TypeScript is one of several projects that attempt to introduce static typing, allowing offline tools to identify a larger class of errors and to provide richer functionality in the IDE.  This article describes the method we used to migrate our JavaScript code base to TypeScript, while keeping development active.

Static Typing Solutions

TypeScript is not the only project that attempts to tackle the problems associated with weak typing in JavaScript. I cannot claim it is better than any of the other solutions out there, but there were a few factors that made us commit developer time to checking out TypeScript.
  • Ease of migration. As a small company with a reasonably large existing code base, it is difficult to justify and a full port to another language.  Even if development resources were not a problem, a full port would be a big commitment to make before being sure our code was compatible with static typing.  With TypeScript we were able to proceed in steps, gradually merging changes into the mainline as we went along.
  • Complexity. This is not so much the code as configurations.  A subsection of our engine has multiple implementations. In the default case everything runs directly in the browser using HTML5 and related standards. For older browsers with limited support for modern standards we provide a plugin that includes a native implementation of some of our lowest-level libraries. TypeScript provided a clear way to deal with multiple implementations of the same interface, where one of those implementations was hidden away as native code.
  • Timing.

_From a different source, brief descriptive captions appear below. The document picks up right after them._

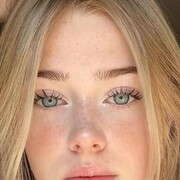  ,  , 18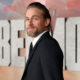 Charlie Hunnam Monster 3
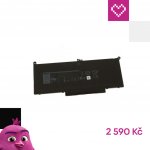 Dell 451-BBYE - originální – Zboží Mobilmania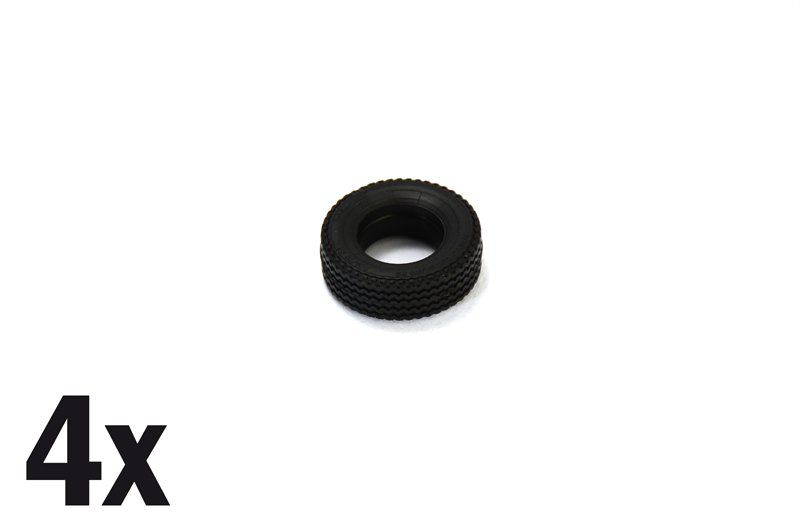 3633 - Mercedes Benz 500 SLC - Imagem 11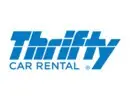Thrifty Car Rental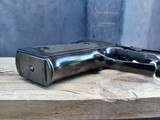 Astra A-100 - 9mm - Image 11 of 16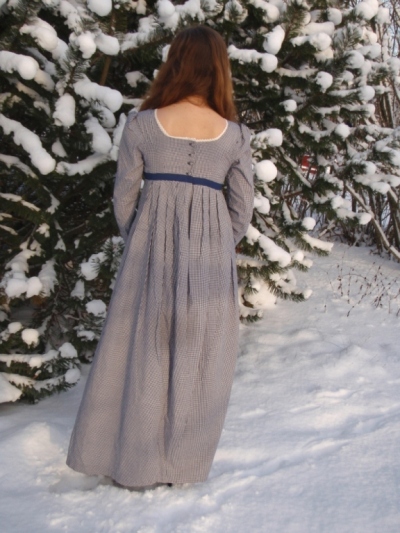 Life, Liberty, and the Pursuit of Elegance: In Praise of the Cut of the ...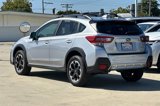 Used 2021 Subaru Crosstrek 2.0i Premium w/ Popular Package #3 image 5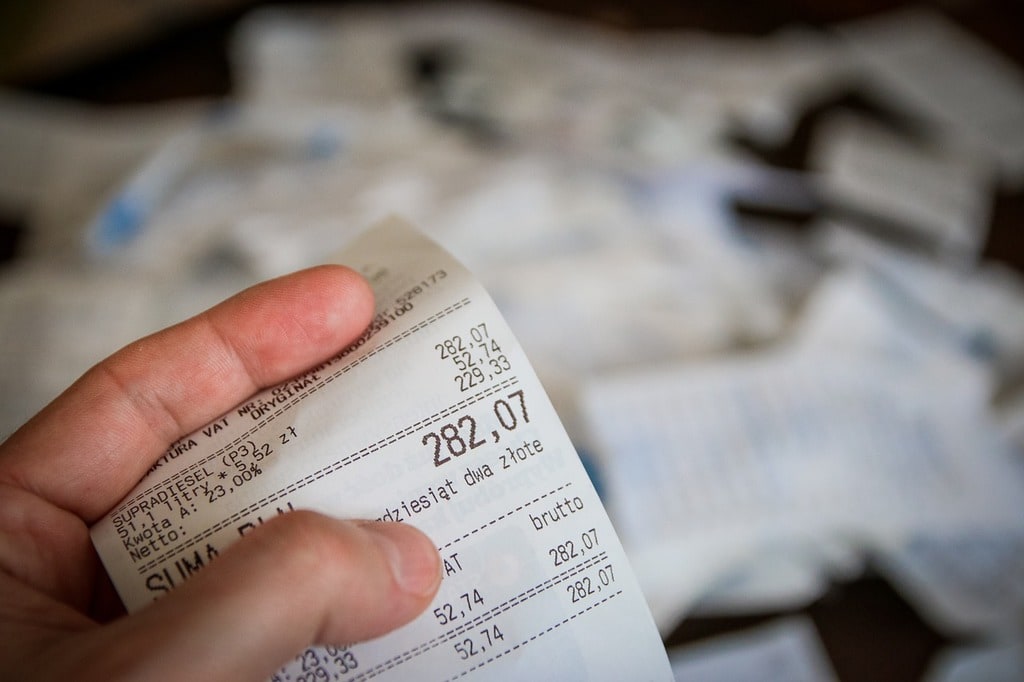 Gérer les finances en couple sans tensions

There happened to be a lot of news and activity around TypeScript just as we were discussing the shortcomings of JavaScript both internally and with external developers. This had some influence on our decision to try static typing at the time we did, and to do it with TypeScript.
Again, I'm not claiming that TypeScript is the only way to address these issues.  If conditions had been different we may have been tempted by one of the other available solutions. Particularly if we were just starting out with a new code base.

Migration Path

Initially, it was not clear whether TypeScript would be entirely suitable for our project.  Many questions needed answering:  Was it stable?  Was it compatible with how we define and instantiate JavaScript classes?  Was our API and code even amenable to static typing, or had we embraced dynamic typing to the point of no return?

It was important to be able to quickly try it out and catch any show-stopping problems early.  At the time there were relatively few public accounts of TypeScript being used in production, so we could not rule out the possibility of later finding either a bug or language feature that made it impossible for us to proceed.  In the worst case we would need to revert everything back to pure JavaScript.

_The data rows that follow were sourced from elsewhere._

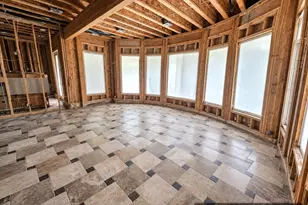 21617 E Lost Lake Rd, Snohomish, WA 98296 - Photo 5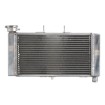 Radiator RAD-653 Honda NC 700 thumb
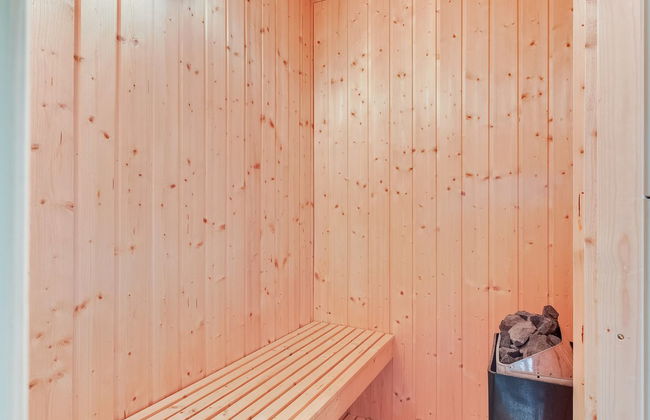 "Lili" - 400m from the sea - Foto 20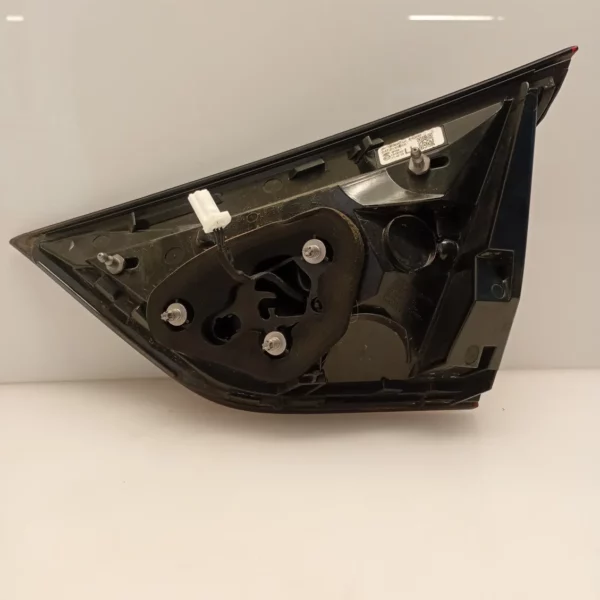 Faro posteriore int. Nissan JUKE 2023 265556PA6A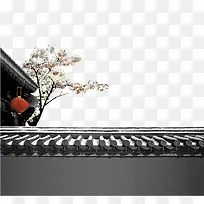 古典建筑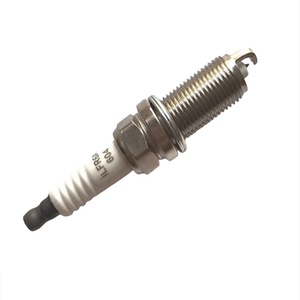 Высокое качество 90919-01247 9091901247 ILFR5A11 иридиевая автомобильная свеча для Lexus ES 3,5 350 GS300 IS300 LS400 RX350 2GR-FE штекер двигателя - Product Image 1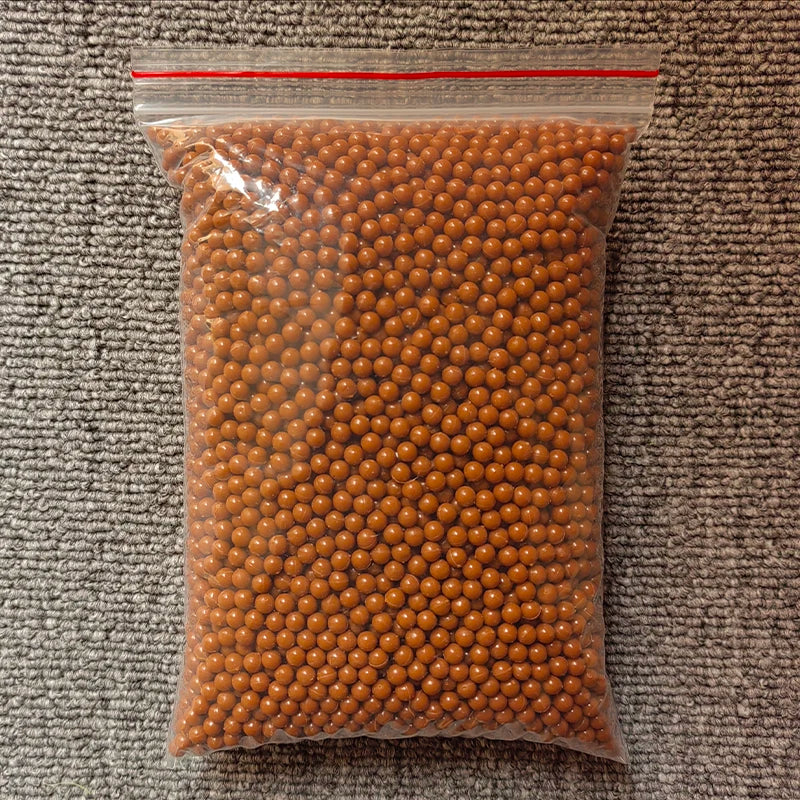 DIY Water Beads Spray Magic Creative Toy 3000Pcs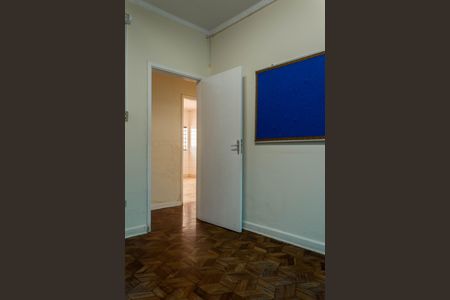 Casa para alugar com 375m², 3 quartos e 8 vagas Casa para alugar com 375m², 3 quartos e 8 vagasQuarto 1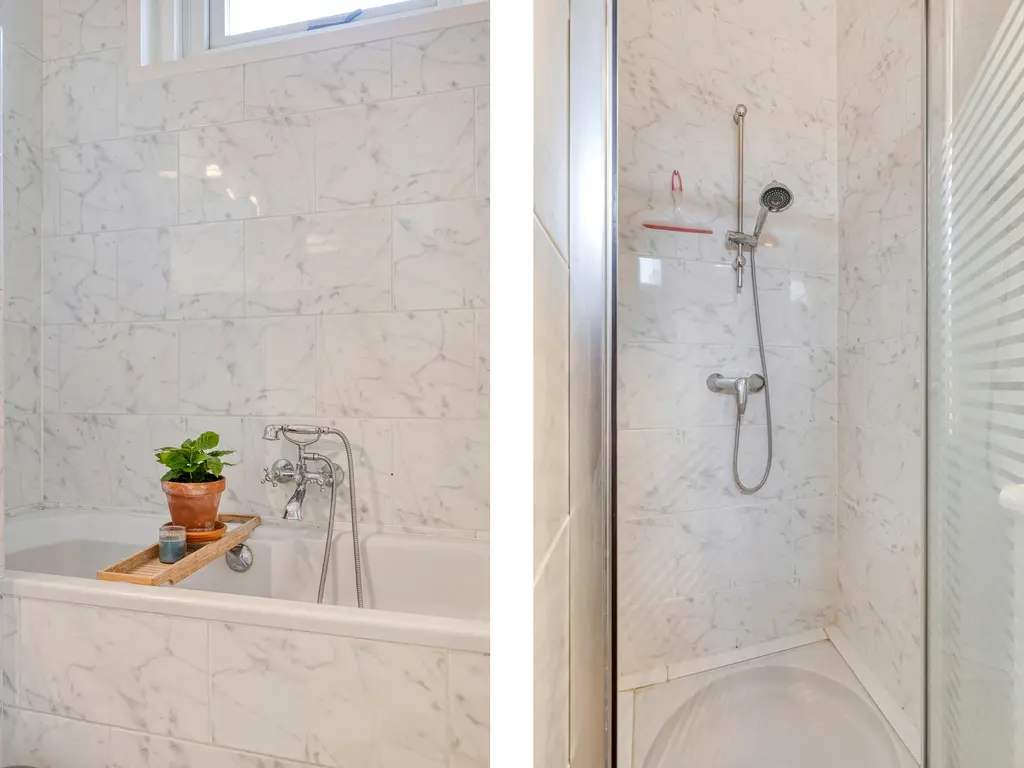 Frans van Mierisstraat 22A, Leiden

We were also keen to eliminate any impact on developers in terms of interface and performance.  I was already reasonably sure that we had enough control over the generated JavaScript to avoid sacrificing performance, but it was not clear whether changes to the public API would also be necessary.

Finally, there was the issue of integration.  Development of the engine would have to continue while we simultaneously “ported” the code.  Handling development changes and keeping merge conflicts (and mistakes) to a minimum would be vital until we were confident enough to adopt TypeScript in the main code line.

As TypeScript is a super set of JavaScript, it seemed to offer as smooth a migration path as we could expect from any solution. After becoming reasonably familiar with the language and the compiler we ended up migrating in the following way, at each stage validating that we were doing the right thing.

Step 1 - A trivial build

The first step I took was to simply rename each of our .js files to .ts and create a trivial build step to convert the each of these new .ts files to JavaScript.  The code was left unchanged at this point (apart from a few small workarounds for bugs in the TypeScript compiler), the JavaScript library had the same layout as before and everything could be merged back into the main code line.

The advantage of this apparently trivial step was that regular development could continue while we gradually expanded the type definitions in the same files.  This approach is only really viable because TypeScript extends rather than replaces JavaScript, and it’s actually very important.  If we were porting to a whole new language we would have to hand pick changes to the original files into the ported version, and could only switch development over to the new files once a port was complete and fully tested.  No doubt some static typing solutions allow the port to be done in sections, merging individual modules back to the main line as they are ready, but having an almost effort free way of keeping all changes in the same files meant we could rely on the version control software to handle almost all of the merges automatically.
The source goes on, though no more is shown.